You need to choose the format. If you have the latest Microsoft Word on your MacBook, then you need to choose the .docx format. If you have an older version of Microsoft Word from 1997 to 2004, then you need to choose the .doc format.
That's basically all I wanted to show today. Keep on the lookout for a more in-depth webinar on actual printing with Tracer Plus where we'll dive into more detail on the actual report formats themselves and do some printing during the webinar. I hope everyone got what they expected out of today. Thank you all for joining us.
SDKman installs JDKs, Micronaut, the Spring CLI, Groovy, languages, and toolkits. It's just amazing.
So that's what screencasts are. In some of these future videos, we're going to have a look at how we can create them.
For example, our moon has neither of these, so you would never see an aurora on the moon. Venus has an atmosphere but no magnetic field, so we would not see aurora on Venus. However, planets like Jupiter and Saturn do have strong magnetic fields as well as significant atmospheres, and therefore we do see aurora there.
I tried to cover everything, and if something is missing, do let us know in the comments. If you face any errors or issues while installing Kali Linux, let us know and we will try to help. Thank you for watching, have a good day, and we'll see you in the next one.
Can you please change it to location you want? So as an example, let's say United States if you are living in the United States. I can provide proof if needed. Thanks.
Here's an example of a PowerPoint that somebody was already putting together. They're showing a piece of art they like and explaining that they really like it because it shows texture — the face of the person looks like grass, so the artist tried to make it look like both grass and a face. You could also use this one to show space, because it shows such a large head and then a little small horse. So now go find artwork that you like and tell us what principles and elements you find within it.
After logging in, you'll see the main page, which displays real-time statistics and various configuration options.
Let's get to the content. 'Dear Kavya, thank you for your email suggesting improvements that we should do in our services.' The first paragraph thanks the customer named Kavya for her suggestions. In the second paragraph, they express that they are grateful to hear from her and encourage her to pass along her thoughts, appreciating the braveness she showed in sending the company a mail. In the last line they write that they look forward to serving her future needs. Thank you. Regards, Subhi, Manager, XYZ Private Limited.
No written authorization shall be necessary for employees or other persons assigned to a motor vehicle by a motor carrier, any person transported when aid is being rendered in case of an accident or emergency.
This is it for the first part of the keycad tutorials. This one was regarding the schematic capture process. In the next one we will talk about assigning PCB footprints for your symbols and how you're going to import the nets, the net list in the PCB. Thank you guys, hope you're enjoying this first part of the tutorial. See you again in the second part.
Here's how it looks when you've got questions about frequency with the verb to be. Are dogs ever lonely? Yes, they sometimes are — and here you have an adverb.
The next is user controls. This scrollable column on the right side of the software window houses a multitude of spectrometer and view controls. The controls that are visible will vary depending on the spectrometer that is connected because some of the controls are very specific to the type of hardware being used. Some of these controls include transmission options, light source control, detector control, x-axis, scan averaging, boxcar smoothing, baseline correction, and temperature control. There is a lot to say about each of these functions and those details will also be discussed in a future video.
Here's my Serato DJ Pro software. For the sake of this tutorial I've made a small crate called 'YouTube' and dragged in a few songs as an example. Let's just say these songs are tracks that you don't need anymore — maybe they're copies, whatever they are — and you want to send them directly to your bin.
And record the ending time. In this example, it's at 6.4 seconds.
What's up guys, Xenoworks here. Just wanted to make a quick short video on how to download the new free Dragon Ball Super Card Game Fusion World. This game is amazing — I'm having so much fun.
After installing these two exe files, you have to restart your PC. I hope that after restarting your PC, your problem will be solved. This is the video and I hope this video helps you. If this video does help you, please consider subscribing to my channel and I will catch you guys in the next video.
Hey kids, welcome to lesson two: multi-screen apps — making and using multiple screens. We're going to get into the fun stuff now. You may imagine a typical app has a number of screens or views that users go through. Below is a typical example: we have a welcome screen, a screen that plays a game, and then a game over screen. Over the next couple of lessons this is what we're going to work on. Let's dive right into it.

TASK DIRECTIONS:
Could you return exactly the stretch of the data above that starts at the line with "SDKman installs JDKs, Micronaut, the" and ends at the line with "After logging in, you'll", both lines included?

TASK OUTPUT:
SDKman installs JDKs, Micronaut, the Spring CLI, Groovy, languages, and toolkits. It's just amazing.
So that's what screencasts are. In some of these future videos, we're going to have a look at how we can create them.
For example, our moon has neither of these, so you would never see an aurora on the moon. Venus has an atmosphere but no magnetic field, so we would not see aurora on Venus. However, planets like Jupiter and Saturn do have strong magnetic fields as well as significant atmospheres, and therefore we do see aurora there.
I tried to cover everything, and if something is missing, do let us know in the comments. If you face any errors or issues while installing Kali Linux, let us know and we will try to help. Thank you for watching, have a good day, and we'll see you in the next one.
Can you please change it to location you want? So as an example, let's say United States if you are living in the United States. I can provide proof if needed. Thanks.
Here's an example of a PowerPoint that somebody was already putting together. They're showing a piece of art they like and explaining that they really like it because it shows texture — the face of the person looks like grass, so the artist tried to make it look like both grass and a face. You could also use this one to show space, because it shows such a large head and then a little small horse. So now go find artwork that you like and tell us what principles and elements you find within it.
After logging in, you'll see the main page, which displays real-time statistics and various configuration options.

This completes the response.